Elas podem fazer muito mais do que estão fazendo para combater as notícias mentirosas
O debate sobre a responsabilidade do Facebook e outras redes sociais ganhou contornos mais concretos na segunda-feira passada. A empresa Unilever, uma das maiores anunciantes do mundo, informou que cortará os investimentos de publicidade nas redes sociais se elas não combaterem fake news, publicações de ódio ou conteúdos tóxicos em suas plataformas. No ano passado, a empresa investiu US$ 9,4 bilhões em ações de marketing, tendo destinado cerca de um terço desse valor a anúncios digitais.
Como lembrou Keith Weed, diretor da Unilever, a confiança nas mídias sociais caiu diante da evidência de que as empresas de tecnologia não estão retirando de suas plataformas conteúdos ilegais, antiéticos e extremistas. “Fake news, racismo, sexismo, terroristas espalhando mensagens de ódio, conteúdo tóxico dirigido a crianças... A Unilever, como uma empresa confiável, não quer anunciar em plataformas que não contribuem positivamente para a sociedade”, disse Weed, que não se referiu a uma plataforma específica.
No ano passado, várias empresas europeias e até o governo da Grã-Bretanha decidiram retirar seus anúncios do Google e do YouTube depois que se soube que as peças eram exibidas ao lado de conteúdo inapropriado, com mensagens extremistas de diversos tipos. Mark Pritchard, diretor de marca da Procter & Gamble, reclamou que anúncios da marca tinham aparecido junto a vídeos de recrutamento do Estado Islâmico, dando a impressão de que a empresa apoiava a organização terrorista.

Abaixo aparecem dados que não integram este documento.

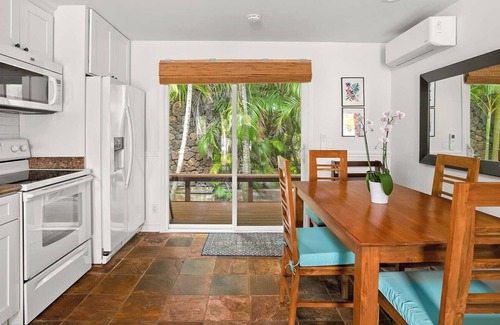 Poipu House | Sugar Mill Cottage at Poipu Kai By Parrish Kauai - short walk to beach & quiet l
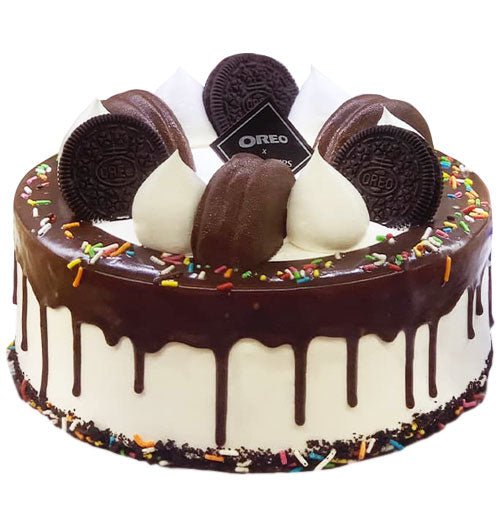 Cookie Birthday Cake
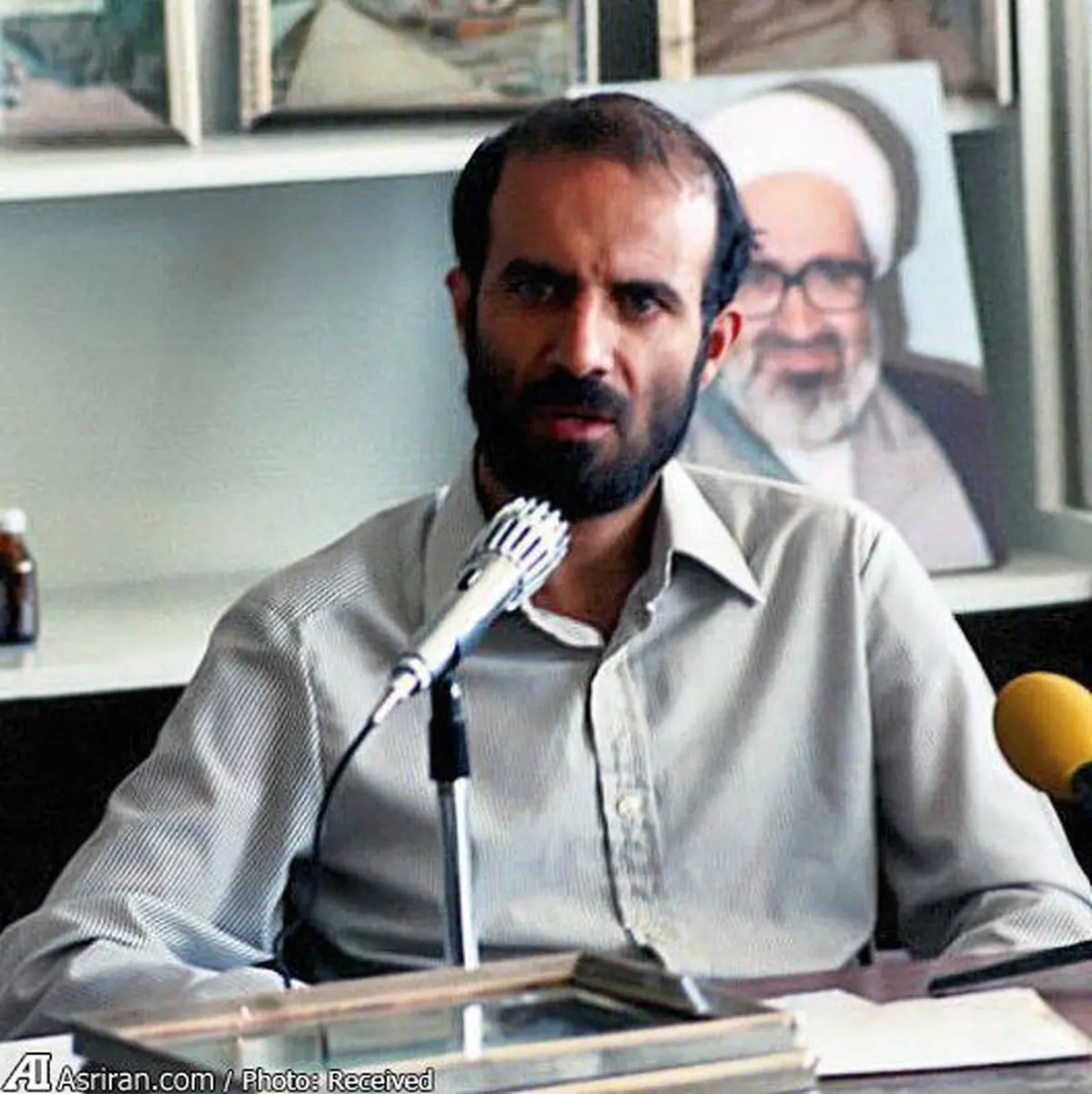 بیژن زنگنه در دهه 60/عکس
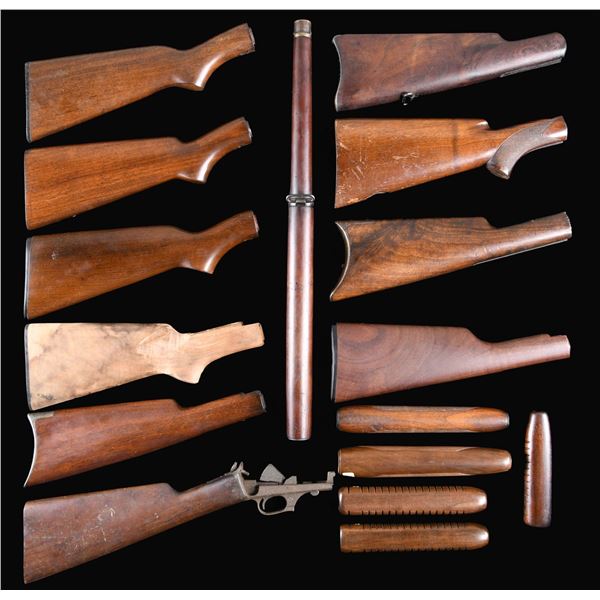 LOT OF ASSORTED WOOD FURNITURE FOR VARIOUS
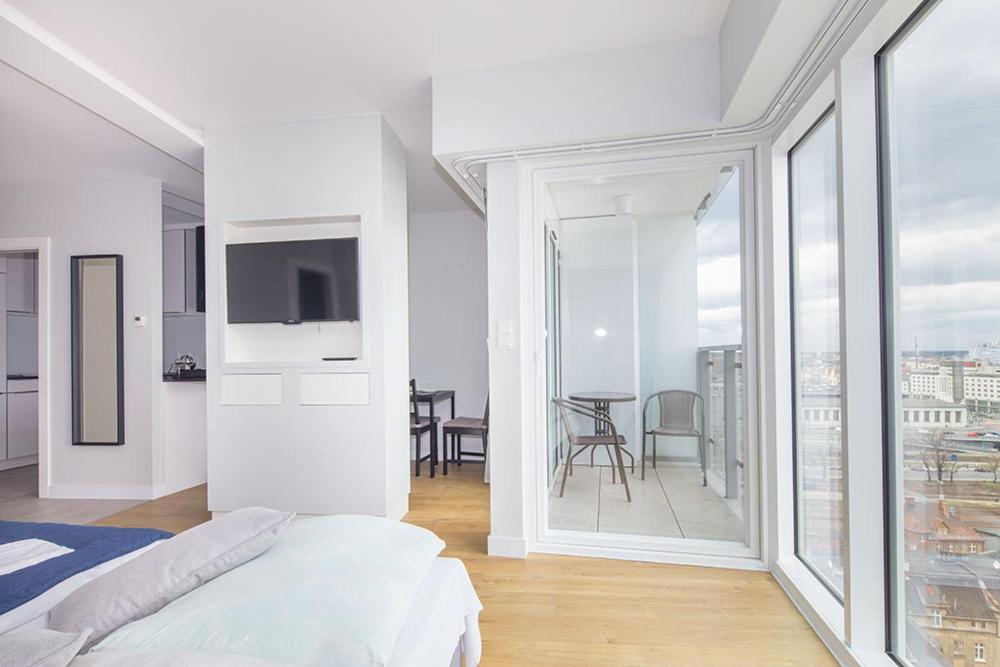 Capital Apartments - Towarowa Poznań Eksteriør billede
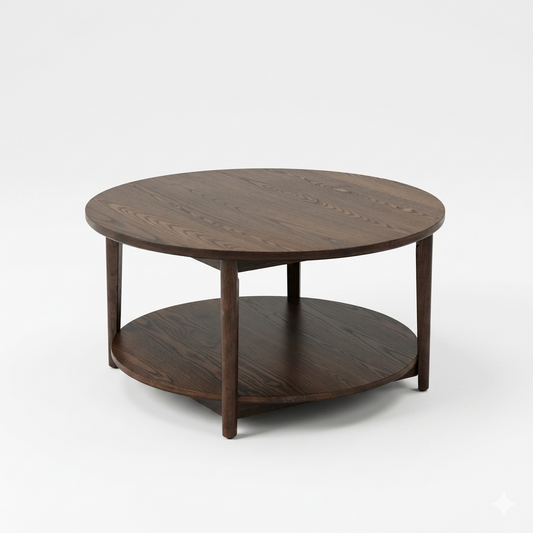ROUND COFFEE TABLE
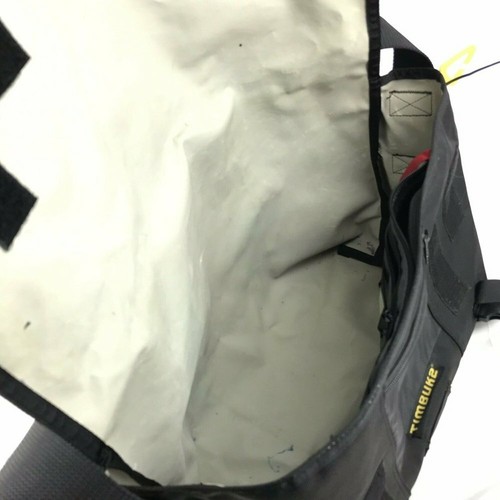 Timbuk2 Bike Messenger Shoulder Crossbody Laptop Computer Commuter Bag Black - Picture 9 of 10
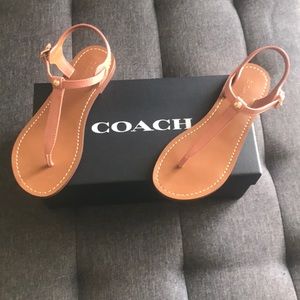 🔥NWB Coach Sandals🔥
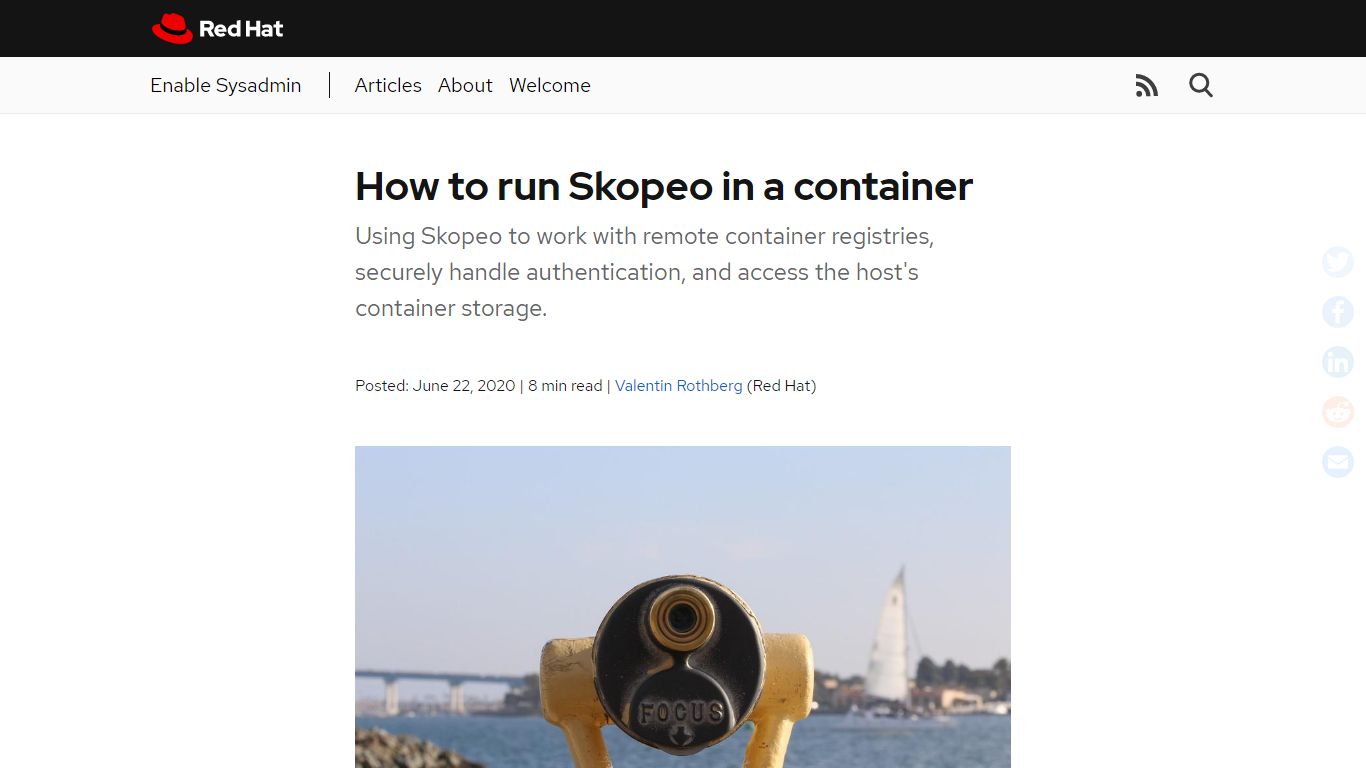 How to run Skopeo in a container | Enable Sysadmin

A reação da Unilever aponta, no entanto, para uma questão mais abrangente e ainda mais grave. O problema não se resume a eventuais erros do algoritmo utilizado pelas redes sociais, expondo anúncios comerciais ao lado de conteúdo inapropriado. Trata-se de um alerta sobre o ambiente encontrado nas redes sociais. Ao alertar que, se não houver um combate à difusão de notícias mentirosas e publicações de ódio, cortará seus investimentos nas mídias sociais, a Unilever afirma que as redes sociais podem fazer mais do que estão fazendo - e que essa omissão é inadmissível.
Não há dúvida de que as redes sociais têm sido ambiente fértil para a difusão de notícias mentirosas, com graves consequências políticas e sociais. Recentemente, até o Facebook reconheceu que podia causar danos à democracia. “As redes sociais podem apresentar um risco à democracia ao permitir a divulgação de mentiras”, disse Samidh Chakrabarti, diretor de produto e responsável pelas políticas globais da empresa. Na ocasião, ele prometeu que o ano de 2018 seria dedicado a neutralizar os riscos causados pela rede social.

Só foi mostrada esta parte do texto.